Tissue Sodium Content and Arterial Hypertension in Obese Adolescents.
Roth S., Markó L., Birukov A., Hennemuth A., Kühnen P., Jones A., Ghorbani N., Linz P., Müller DN., Wiegand S., Berger F., Kuehne T., Kelm M.
Early-onset obesity is known to culminate in type 2 diabetes, arterial hypertension and subsequent cardiovascular disease. The role of sodium (Na+) homeostasis in this process is incompletely understood, yet correlations between Na+ accumulation and hypertension have been observed in adults.
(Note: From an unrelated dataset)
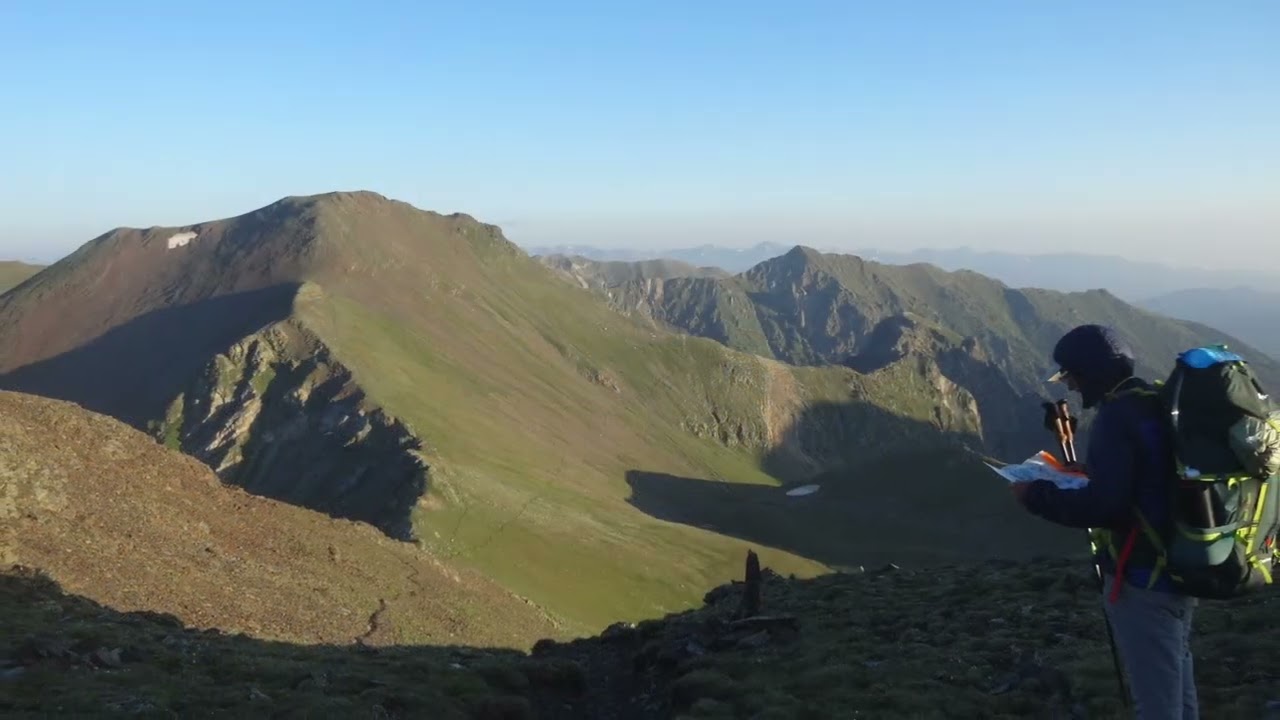 Traversée des Pyrénées 2   Refuge Mariailles au lac Lanoux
We aimed to investigate these associations in adolescents. A cohort of 32 adolescents (13-17 years), comprising 20 obese patients, of whom 11 were hypertensive, as well as 12 age-matched controls, underwent 23Na-MRI of the left lower leg with a standard clinical 3T scanner. Median triceps surae muscle Na+ content in hypertensive obese (11.95 mmol/L [interquartile range 11.62-13.66]) was significantly lower than in normotensive obese (13.63 mmol/L [12.97-17.64]; p = 0.043) or controls (15.37 mmol/L [14.12-16.08]; p = 0.012). No significant differences were found between normotensive obese and controls. Skin Na+ content in hypertensive obese (13.33 mmol/L [11.53-14.22] did not differ to normotensive obese (14.12 mmol/L [13.15-15.83]) or controls (11.48 mmol/L [10.48-12.80]), whereas normotensive obese had higher values compared to controls (p = 0.004). Arterial hypertension in obese adolescents is associated with low muscle Na+ content. These findings suggest an early dysregulation of Na+ homeostasis in cardiometabolic disease. Further research is needed to determine whether this association is causal and how it evolves in the transition to adulthood.